Ce n'est pas simple. Ça augmente le stress de nos enfants. Là, par exemple, j'ai vu un enfant de 6 ans et demi qui a dit à sa maman : « Mais ce n'est pas possible que ça se passe en France, c'est impossible ». Et puis, j'ai vu aussi des enfants en école maternelle qui ont fait la minute de silence. Pour moi, ça peut-être trop tôt une minute de silence en maternelle. Si c'est vraiment accompagné par une vraie réflexion, je pense que nos enfants peuvent résilier mais il y a beaucoup de choses à faire et à mettre en place. 

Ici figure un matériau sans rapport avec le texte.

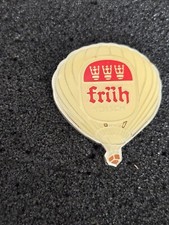 Früh kölsch ballon pin - frÜh, ballon-pin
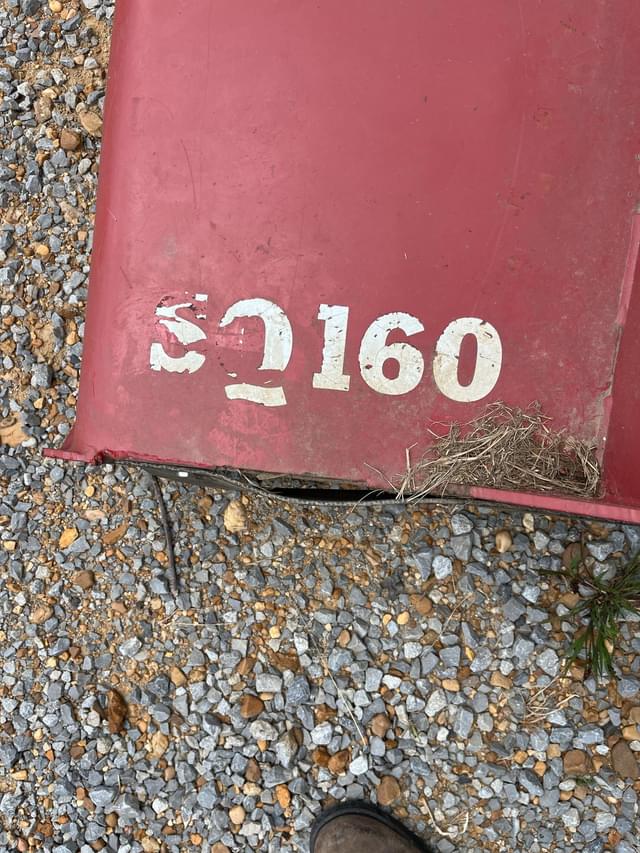 Image of Bush Hog SQ160 equipment image 4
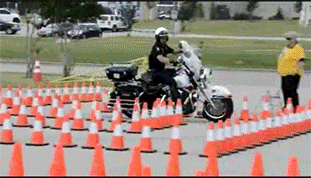 motorcycle course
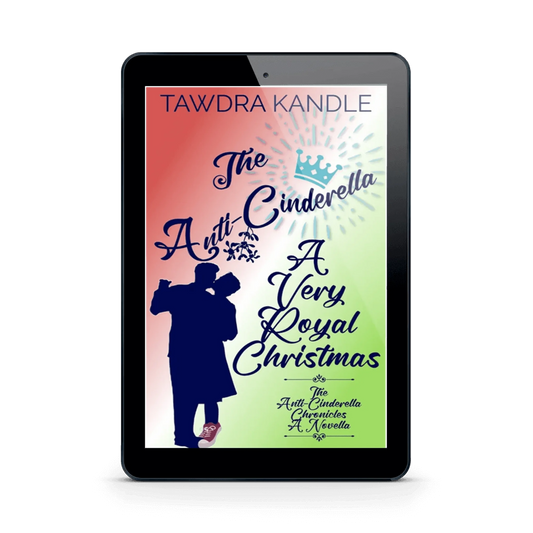 The Anti-Cinderella A Very Royal Christmas (ebook)
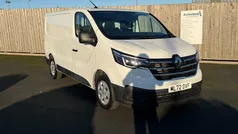 Used 2022 Renault Trafic Business Van | £15,450 (Fair price)
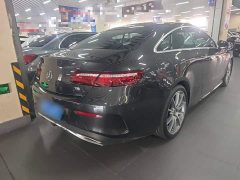 Mercedes-Benz E-Class (Imported) E 260 Coupe - ფოტო 7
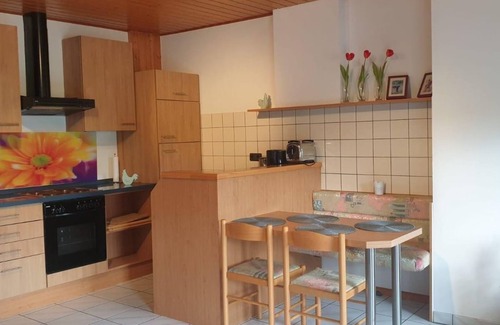 Oberemmel Apartment | Ferienwohnung 3 - Zimmers Tälchenhof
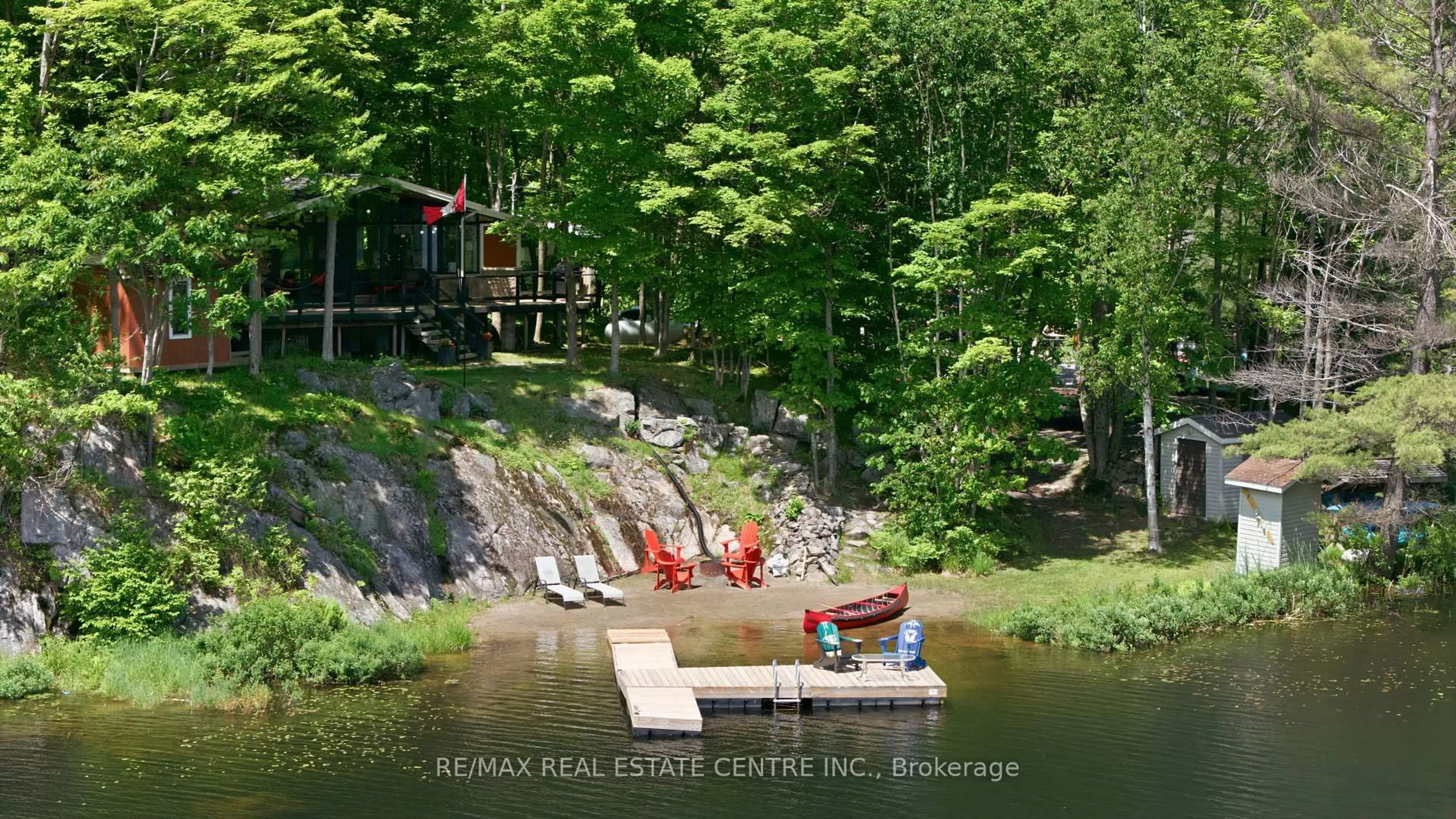 Unknown for 87 Pinewood Rd, McDougall Ontario P2A 2W7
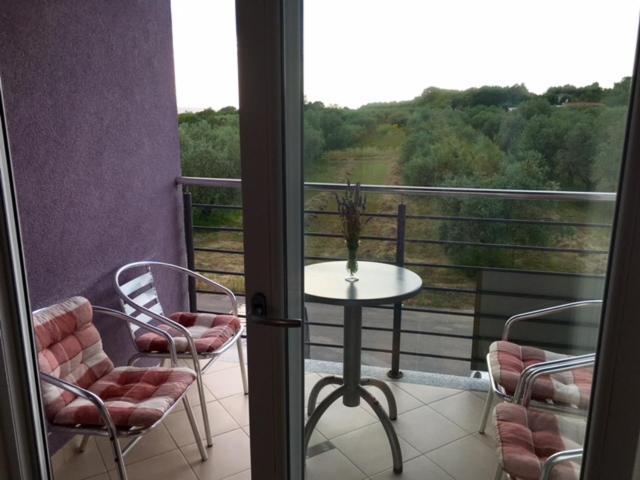 Apartment Mirella Umago Exterior foto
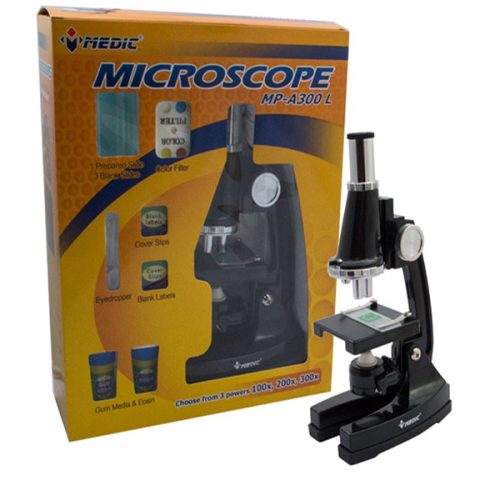 میکروسکوپ مدیک مدل MP300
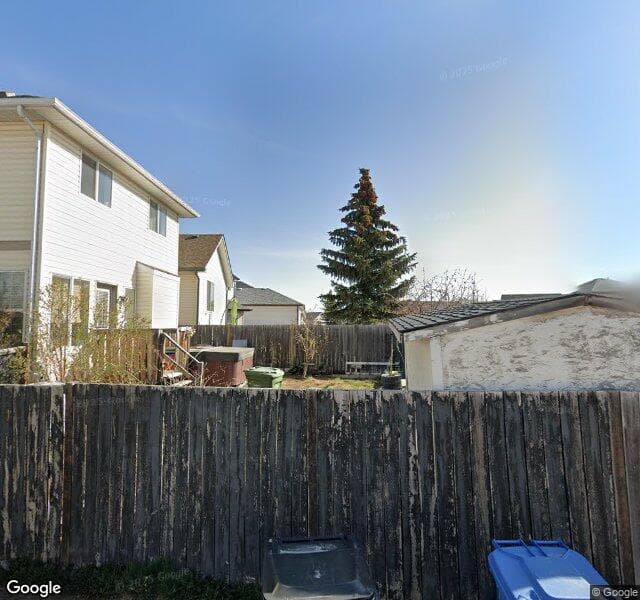 Street view of 266 Coville Crescent NE, Calgary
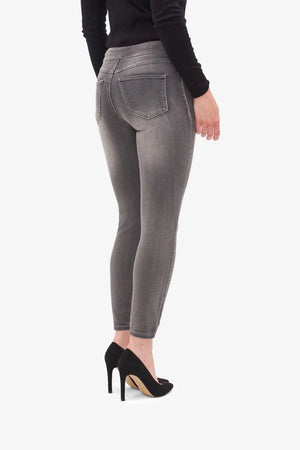 Ankle Pants | Grey Stone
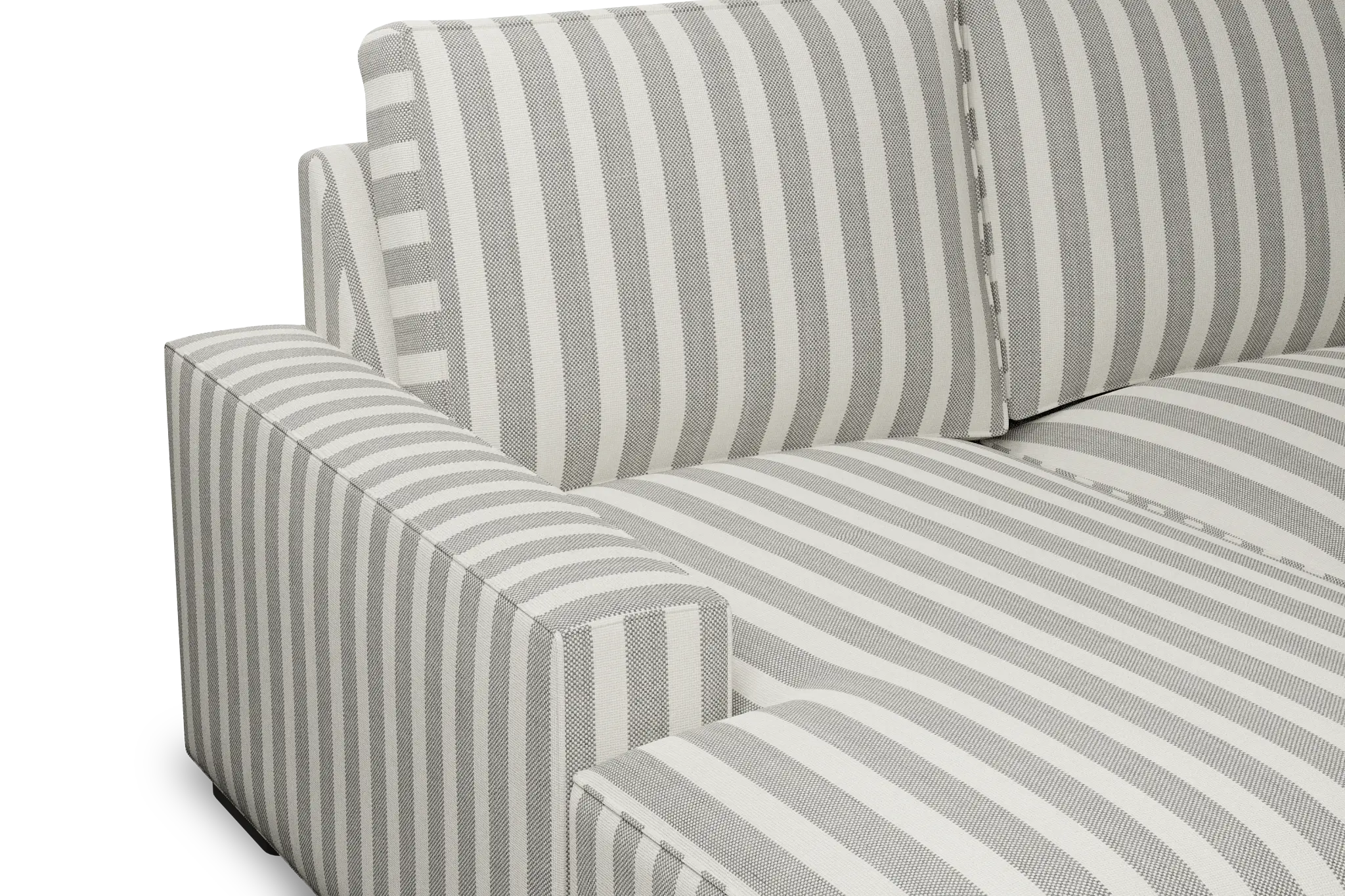 Edgewater Sea Lane Dark Gray Left Chaise Sectional Edgewater Sea Lane Dark Gray Left Chaise Sectional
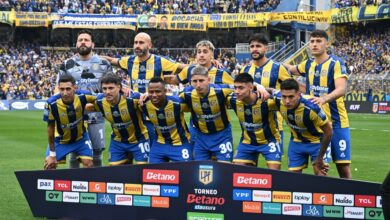 Photo of El uno por uno de Rosario Central en el regreso de Ángel Di María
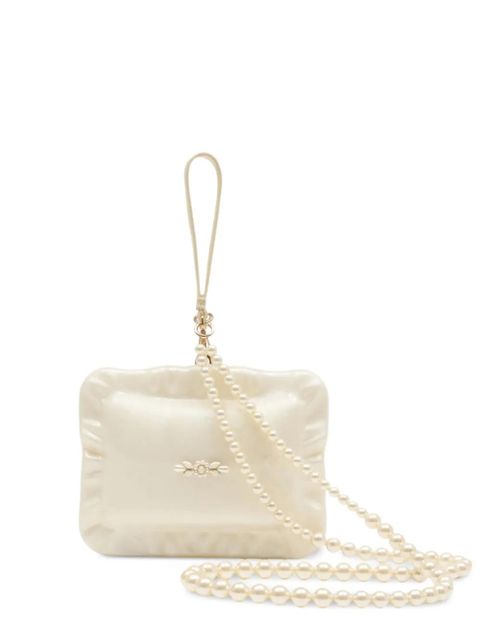 Simone Rocha Pillowcase clutch bag - White - zdjęcie produktu nr 1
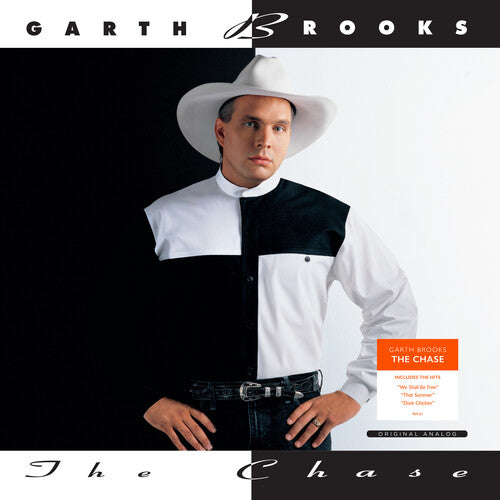 Garth Brooks: The Chase { Vinyl LP }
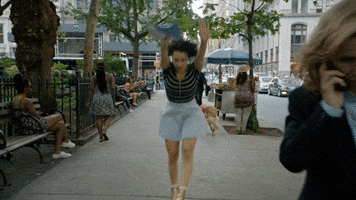 comedycentral happy excited yas broad city GIF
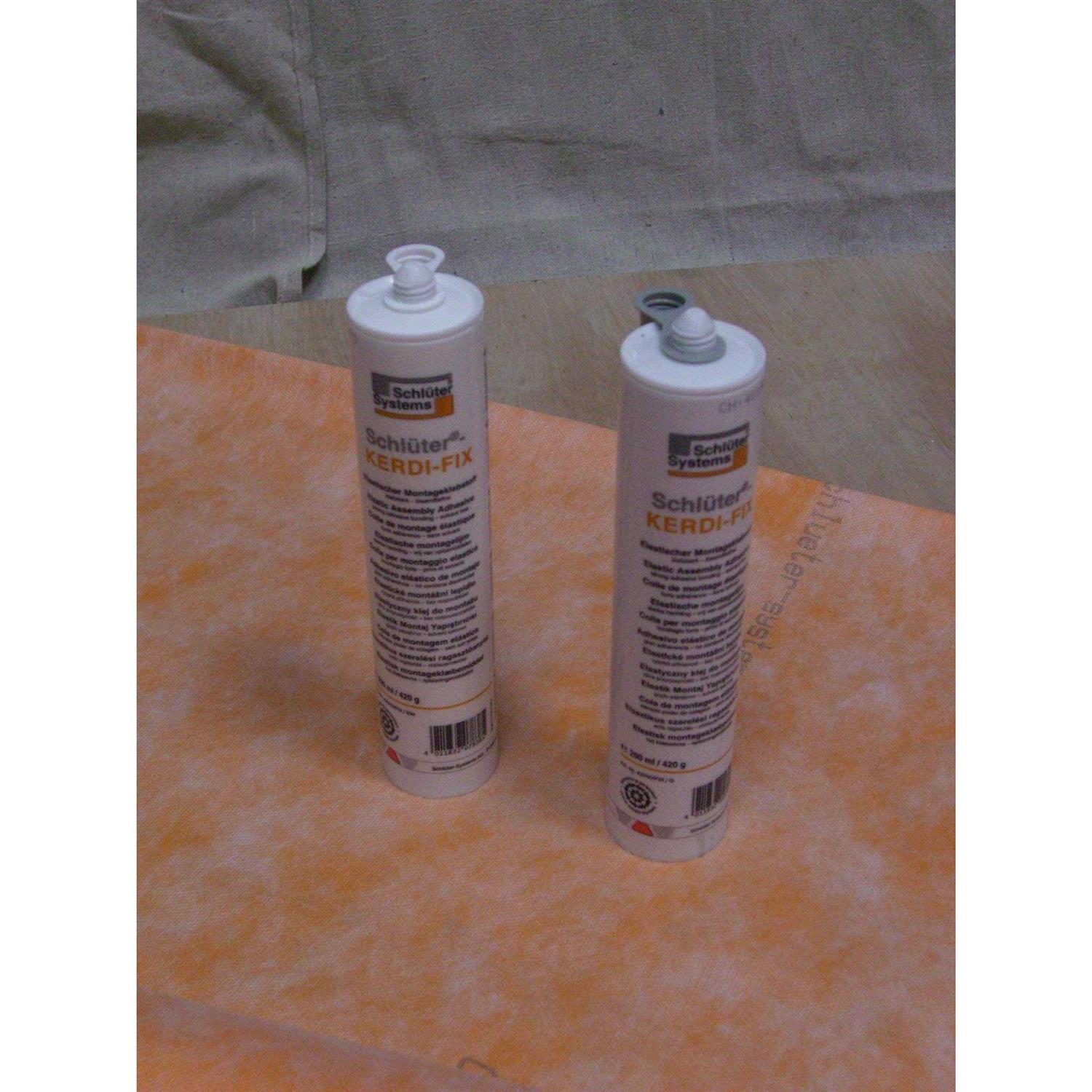 Schluter Systems Kerdi Drain Horizontal PVC Flange 2 - Zenithce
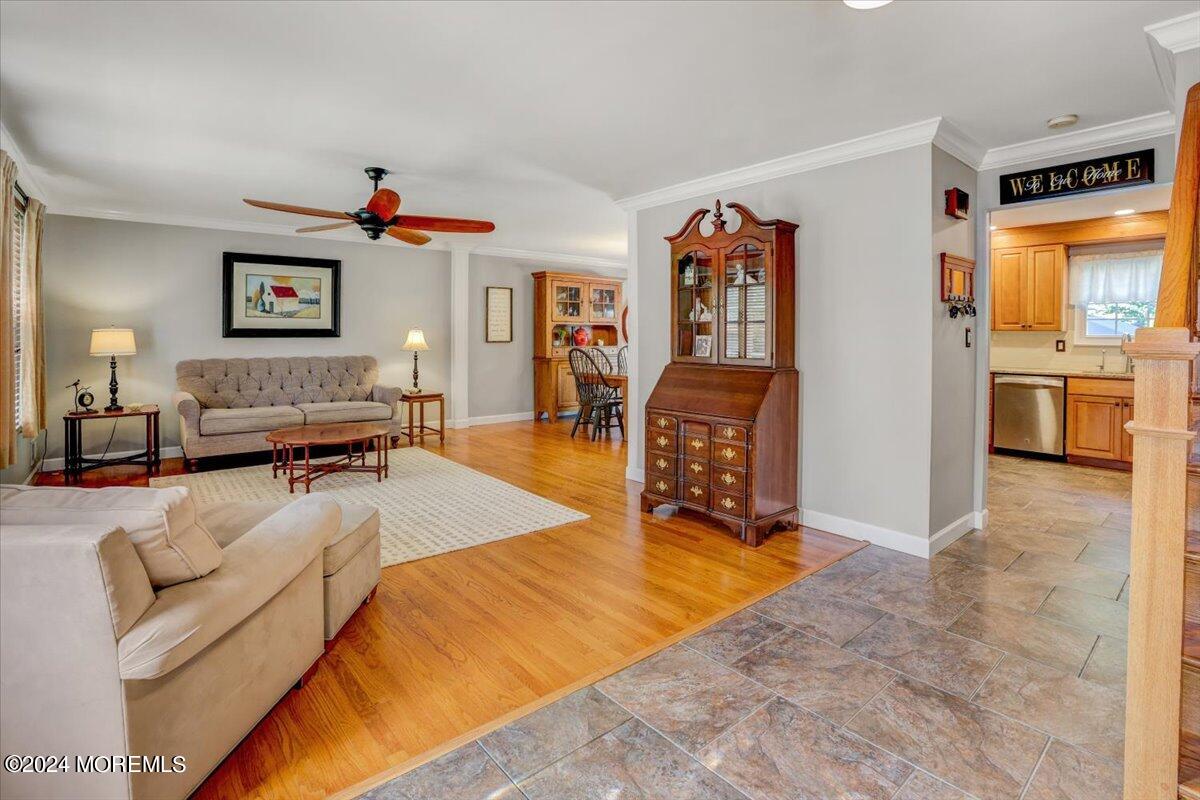 7 Fella Street Howell, NJ 07731 - Photo 9 of 39 05-Living Room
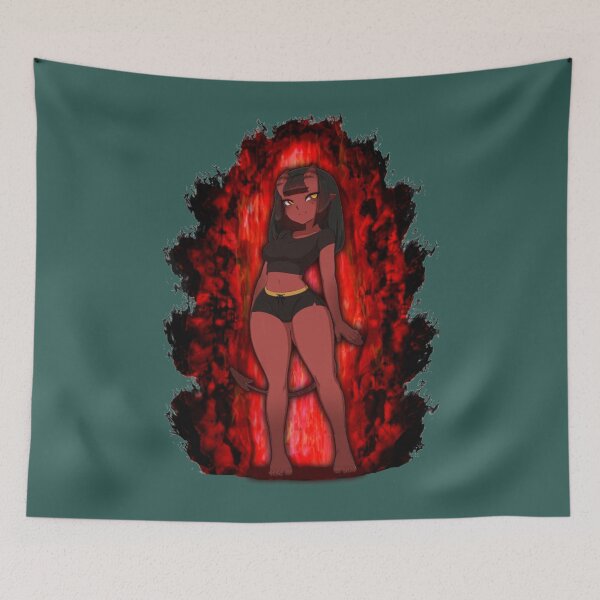 Item preview, Meru The Succubus                       designed and sold by holidaygp.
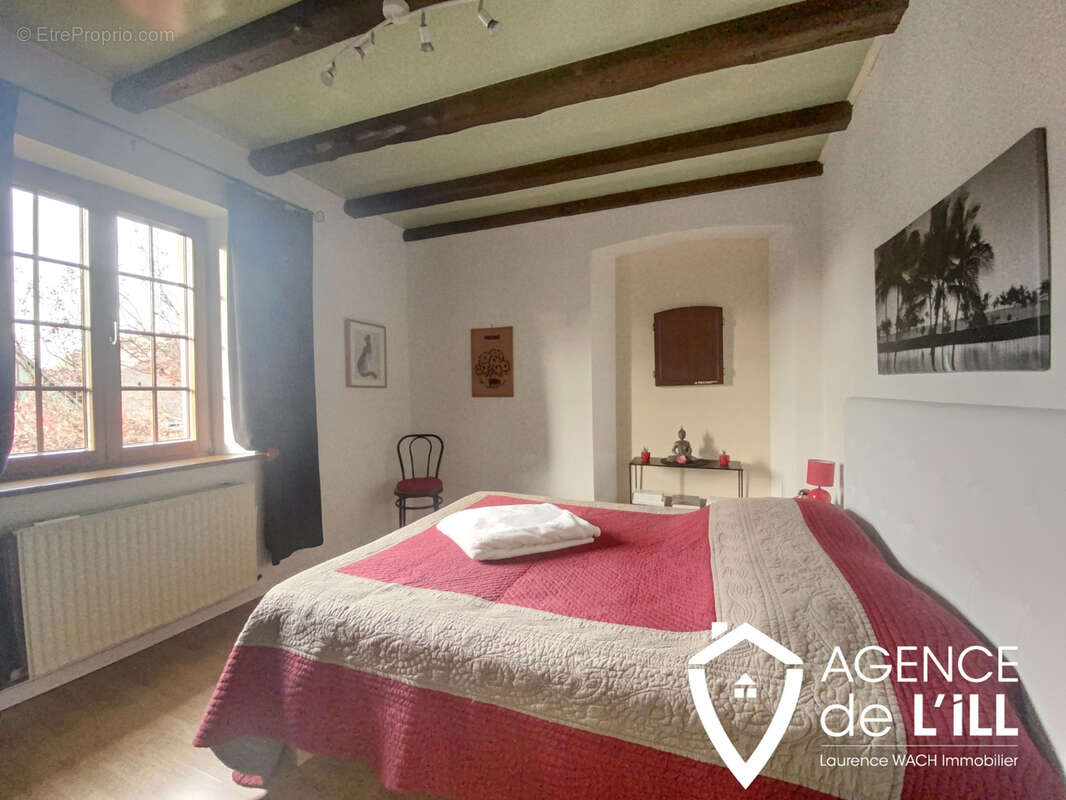 Maison à HESSENHEIM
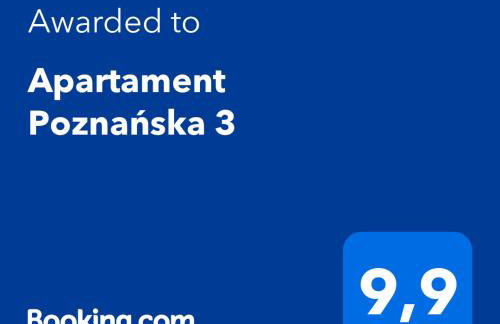 Apartament Poznańska 3 - Foto 14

Nos enseignants doivent être formés pour développer leurs compétences sociales et émotionnelles parce qu'en développant ces compétences, les enseignants se sentiront bien, ils se sentiront plus compétents et ils n'auront pratiquement plus de burn-out. C'est un enjeu parce que le métier d'enseignant est un métier extrêmement difficile.

 

Selon vous, il faut que ce soit institutionnalisé ?

Absolument ! A l'heure actuelle, ça se fait dans beaucoup de pays développés dans le monde. Il faut s'ouvrir à ce que font les autres pays. Des études montrent bien que quand les enseignants sont formés, alors les enfants développent leurs compétences émotionnelles et sociales. Les enfants ont un meilleur rapport avec eux-mêmes, et développent des relations plus satisfaisantes avec leurs camarades. On se demande tout le temps comment faire pour qu'il n'y ait plus de harcèlement en France, car il y en a encore beaucoup... Voilà une solution. Ensuite, leurs résultats scolaires s'améliorent de façon considérable, même si ces enfants viennent de quartiers défavorisés. 

Je suis confiante et optimiste. Nous savons ce qu'il faudrait faire. C'est une révolution éducative. C'est ça que nous apportent les recherches en neurosciences affectives et sociales. C’est-à-dire qu'on sait que c'est concret, c’est-à-dire qu’on sait que si on fait ça, ça développe leur empathie pour eux-mêmes et pour les autres.

Une chercheuse hollandaise a étudié des enfants de 191 familles, de l'âge de six semaines à 8 ans, qui reçoivent de l'empathie. À 8 ans, toute la substance grise du cerveau se développe, aussi bien le cerveau intellectuel que le cerveau social et affectif. Développer les compétences émotionnelles et sociales chez les adultes, chez les enseignants, pour qu'ils les développent chez les enfants : c'est une piste pour que notre société aille mieux.

 

Former les enseignants, c'est possible, mais comment former les parents ?

Être parent, c'est la chose la plus extraordinaire qui puisse arriver à quelqu'un. Ça peut être du grand bonheur, mais c'est aussi très complexe et très difficile.

  En tant que pédiatre, au XXème siècle, j'avais tout le temps, des questions de parents à propos d’un enfant qui ne veut pas manger, ou un enfant qui ne veut pas faire ses devoirs ou aller se coucher. Je ne savais pas quoi répondre dans le sens où je leur disais ce que je pensais mais nous n'avions aucune étude scientifique. Nous avons la chance extraordinaire au XXIème siècle d'avoir des études scientifiques qui nous disent ce qu'il faudrait faire idéalement. Encore une fois, on ne sait pas tout, loin de là, mais on sait idéalement ce qu'il faudrait faire.